Estamos obligados a impulsar políticas públicas que fortalezcan la educación, la salud, la seguridad y el desarrollo de las presentes y futuras generaciones. Se debe legislar y diseñar desde el seno legislativo las reformas de ley que acompañen presupuestos que den respuesta a las demandas de nuestros menores. Leyes que sancionen, cuiden y salvaguarden los derechos de niñas y niños. No basta con que organicemos un festival divertido con regalos y alegrías, es importante pero complementario.
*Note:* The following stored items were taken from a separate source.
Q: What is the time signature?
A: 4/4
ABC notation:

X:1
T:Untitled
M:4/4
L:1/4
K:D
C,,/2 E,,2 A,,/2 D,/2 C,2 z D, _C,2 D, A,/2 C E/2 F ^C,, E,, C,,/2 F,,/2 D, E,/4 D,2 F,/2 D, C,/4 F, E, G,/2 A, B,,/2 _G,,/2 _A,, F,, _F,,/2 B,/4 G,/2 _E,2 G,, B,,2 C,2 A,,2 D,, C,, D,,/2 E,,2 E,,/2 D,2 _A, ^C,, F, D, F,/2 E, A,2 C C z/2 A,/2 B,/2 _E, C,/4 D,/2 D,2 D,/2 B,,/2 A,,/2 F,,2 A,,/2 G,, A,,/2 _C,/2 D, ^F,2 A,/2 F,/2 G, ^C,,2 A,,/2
Deben ser de mucho más fondo las acciones que impulsemos y cristalicemos en lo inmediato.
Lo que hoy vivimos nos obliga a reflexionar con claridad y objetividad que es lo que buscamos ofrecer para quienes como lo dije, son la columna vertebral de nuestros propósitos diarios. Le apuesto a que en conciencia aportemos todas, todos y todes lo que en nuestras manos este para lograrlo. De lo contrario podremos ser cómplices de que la aguda descomposición social que estamos sufriendo se vuelva irreversible y termine por tenernos en un callejón sin salida.
Deseo que hagamos cada quien la parte que nos toca para generar las condiciones necesarias en las que, seguro estoy, aspiramos tener a nuestras niñas y nuestros niños. Sí bien, el pasado que nosotros vivimos, con sus particularidades y vicisitudes no era quizás del todo pleno. Hoy el presente se ve incierto y el futuro parece total y absolutamente accidentado de no actuar y decidir correctamente sobre lo que vamos a legar a quienes merecen el mayor de los esfuerzos y al límite de nuestras capacidades.
Todo vale y todo merecen las niñas y niños de nuestro mundo, actuemos por ellas y por ellos.